Resenha: “Nora e a Porta” – O Grito que Ainda Ecoa
Resenha: “Nora e a Porta” – O Grito que Ainda Ecoa
A força de Casa de Bonecas não vem apenas de sua estrutura dramatúrgica, mas da denúncia que carrega – e que, infelizmente, segue necessária. Em Nora e a Porta, a montagem que está no Sesc revisita a peça de Henrik Ibsen a partir de uma perspectiva contemporânea, ressaltando o incômodo que persiste: se a forma teatral evoluiu nos últimos 150 anos, a opressão patriarcal contra as mulheres continua como uma realidade estrutural. Neste tempo, o problema de origem permanece: o patriarcado é a base do capitalismo e da sociedade burguesa, ambos se beneficiam de estruturas de poder desiguais.
O drama burguês é uma forma que foi criada para valorizar a sociedade burguesa e sua lógica de organização. No final do século XIX, essa estrutura começou a ser questionada, e é nesse contexto que Ibsen escreve Casa de Bonecas. O que torna sua peça fundamental é o fato de que ela denuncia o sistema a partir de dentro, subvertendo a forma que lhe deu origem. No entanto, o que Szondi já apontava em Teoria do Drama Moderno (1956) se mantém até hoje: a forma burguesa resistiu e continuou a ser valorizada ao longo do século XX, apesar de sua crise. Nora e a Porta dialoga diretamente com essa contradição ao atualizar o questionamento da peça original sem romper completamente com sua estrutura dramática.

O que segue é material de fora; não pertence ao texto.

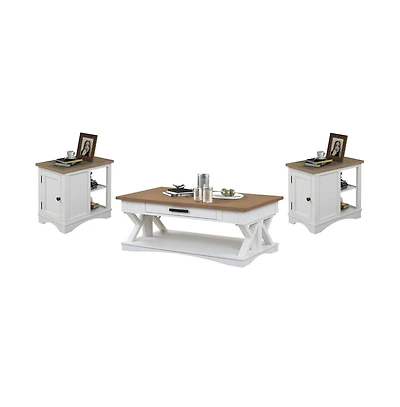Parker House Furniture Americana Modern - Cotton Cocktail Table with 2 Chairside Tables
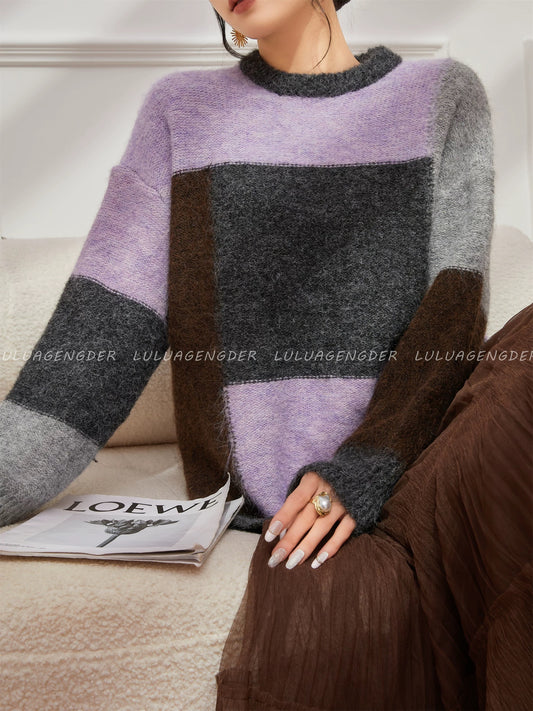 Lulu's style relaxed and effortless knit sweater, new autumn style, elegant yellow, versatile round neck knit sweater.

Se o grito de Nora ainda ecoa, é porque a forma se mantém. Os vícios da sociedade burguesa não foram vencidos, e a estrutura dramatúrgica que surgiu para exaltá-los ainda persiste, mesmo quando tenta ser contestada. No século XX, apesar da crise do drama burguês, ele não foi superado. A indústria cultural, com sua enorme capacidade de assimilação e reaproveitamento, absorveu essas críticas e as reconfigurou dentro de sua lógica. Assim, mesmo quando se apresenta como crítica, a forma dramática ainda reflete a estrutura social que a originou.
O nome da peça e sua encenação enfatizam um dos momentos mais marcantes da obra de Ibsen: o instante em que Nora decide atravessar a porta. Romper com o lar, com as expectativas que recaem sobre ela, e abandonar o marido simboliza um ato de libertação e ruptura com a sociedade que a aprisiona. A porta é mais do que um elemento cênico, é a materialização da escolha de Nora. Ao nomear a peça Nora e a Porta, a montagem não apenas reforça essa imagem icônica, mas também convida o público a refletir sobre o que significa, em pleno século XXI, atravessar essa porta. A sociedade evoluiu o suficiente para que essa travessia seja completa, ou as mulheres continuam presas às mesmas estruturas que Nora tentava romper?
Essa contemporaneidade se acentua pela inclusão de um trecho de Calibã e a Bruxa, de Silvia Federici, na encenação. A obra analisa a caça às bruxas como um elemento fundamental na construção do capitalismo e do controle sobre os corpos femininos, relacionando esse processo à exploração do trabalho e à consolidação da sociedade burguesa. O livro é mostrado em cena, enfatizando essa conexão e ampliando o alcance da crítica, conectando a trajetória de Nora a um contexto mais amplo de dominação e resistência histórica.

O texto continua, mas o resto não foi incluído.